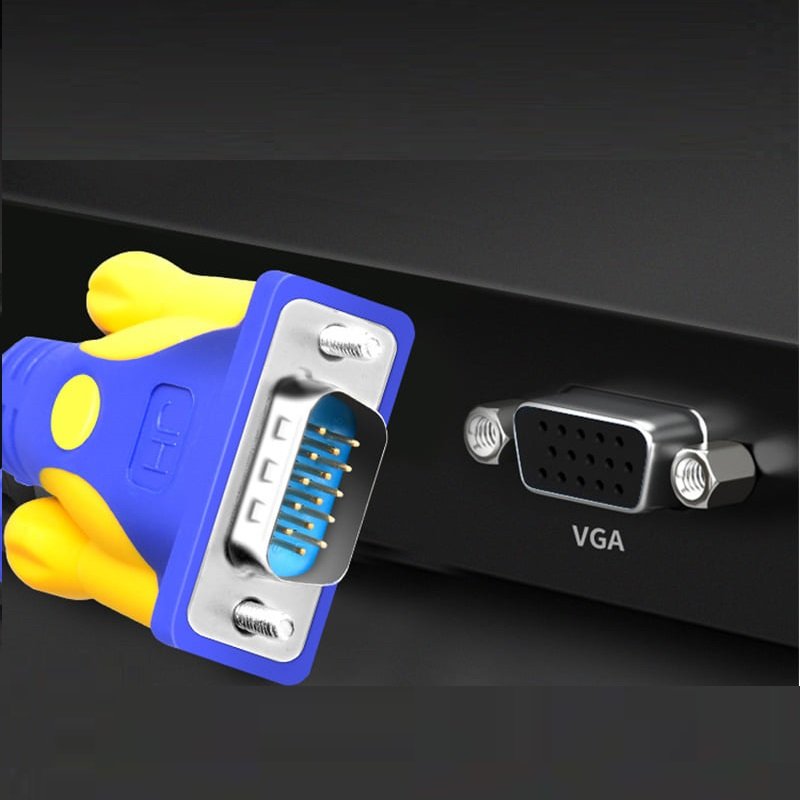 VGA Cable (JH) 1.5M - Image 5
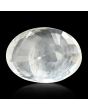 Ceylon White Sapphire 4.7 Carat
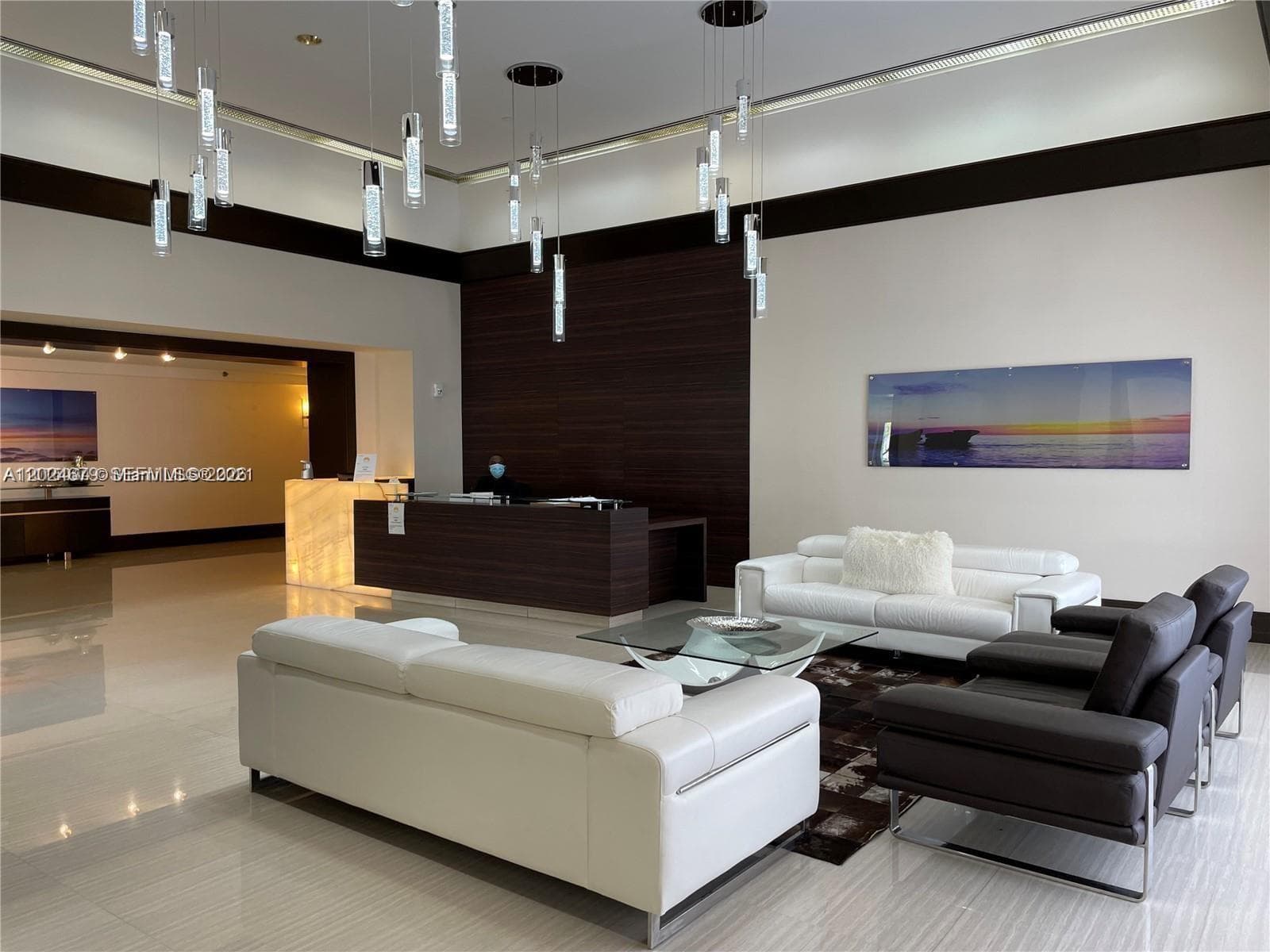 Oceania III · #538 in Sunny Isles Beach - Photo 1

==========

Task => Reproduce the lines of the data that run from the one containing "Ceylon White Sapphire 4.7 Carat" to the final line, both included, exactly as they appear and without the pictures.

Task answer =>
 Ceylon White Sapphire 4.7 Carat
 Oceania III · #538 in Sunny Isles Beach - Photo 1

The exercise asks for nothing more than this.